Escribe condenado. Escribe infinito.
Miguel Ángel Bustos
Fragmentos fantásticos
As a reader and translator, I find fragments endlessly fascinating because they are endless, their potential infinite. The circular logic of the fragment creates ripples like a drop on a pool of water. My fascination with fragments was part of what drew me to want to translate Miguel Ángel Bustos, a master of the form whose books Fragmentos fantásticos (1965) and Visión de los hijos del mal (1967) include long series of numbered fragments. Last year, co•im•press published my translations of these books in a dual, bilingual edition as Vision of the Children of Evil. That which has no end can also have no beginning, as Donald Revell states in his analysis of poetic fragments “Better Unsaid”: “Only what cannot begin remains innocent of anticipation, retaining the necessity and thus the privilege of incompleteness.” Nevertheless, the poet begins —and begins, and begins again. A series of fragments might be called a series of false starts, an essay, an attempt.

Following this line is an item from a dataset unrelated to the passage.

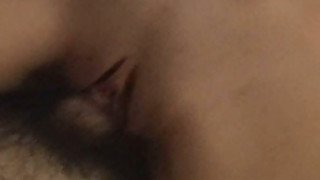 Amateur brunette rides hairy cock and gives a nice BJ on cam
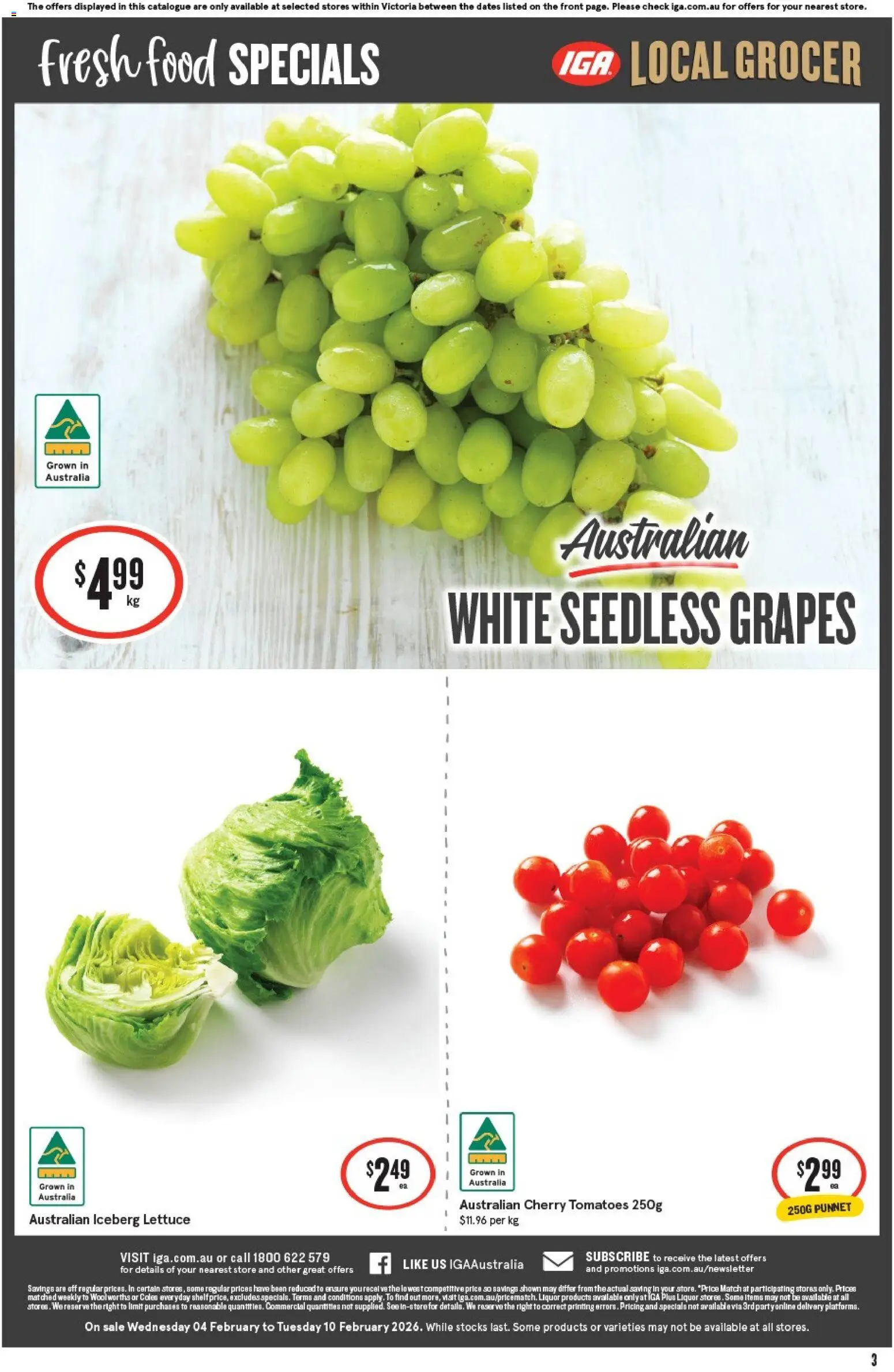 IGA catalogue - valid from 04.02.2026 | Page: 8 | Products: Lettuce, Tomatoes, Grapes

There are several reasons why a poet might express himself in fragments, according to Revell. These include the impossibility of encompassing the subject in form; extremes of human experience, such as grief; and astonishment by awe —piety before the subject is a condition of fragmentary writing: “In each instance, the insuperable entirety of experience-in-time insists upon the incompleteness of the written work. Otherwise, the poet would be guilty of an impious rivalry with the source of what he writes and is. Under such conditions, completeness is plagiarism.” I have experienced all three states of mind while translating the fragments of Bustos—certainly an awareness of my limitations, as I have been overtaken by empathy with his suffering and reverence for his brilliance. Perhaps I admire both the activity of translation and the fragment form because both attempt while knowing that on some level they will fall short. To rewrite Bustos with literal fidelity in English would be plagiarism—and like plagiarism, it would lack the force of the original. To succeed my attempt must be incomplete, the tension between my English and the Spanish creating sparks just like the tension contained in the nucleus of the fragment itself.
Across these two books, Bustos as poet and prophet initiates a literary descent into hell, aligning himself with the maudit/maldito or cursed poets. One source of Bustos’s fragmentism is his physical and mental instability—he suffered from epilepsy, and described his condition in a 1970 interview with Alicia Dujovne Ortíz for La Nación:
El estado previo al ataque es un momento de aura y advenimiento, una exaltación de la lucidez y la euforia. Es como si se gozara de todo el cosmos a la vez. Imposible transferir ese sentimiento a la gente porque no es que la gente no contemple, sino que usa una mínima parte de sus posibilidades para no quedar anonadada. El horror de mi situación es, precisamente, un continuo, un insoportable estado de lucidez.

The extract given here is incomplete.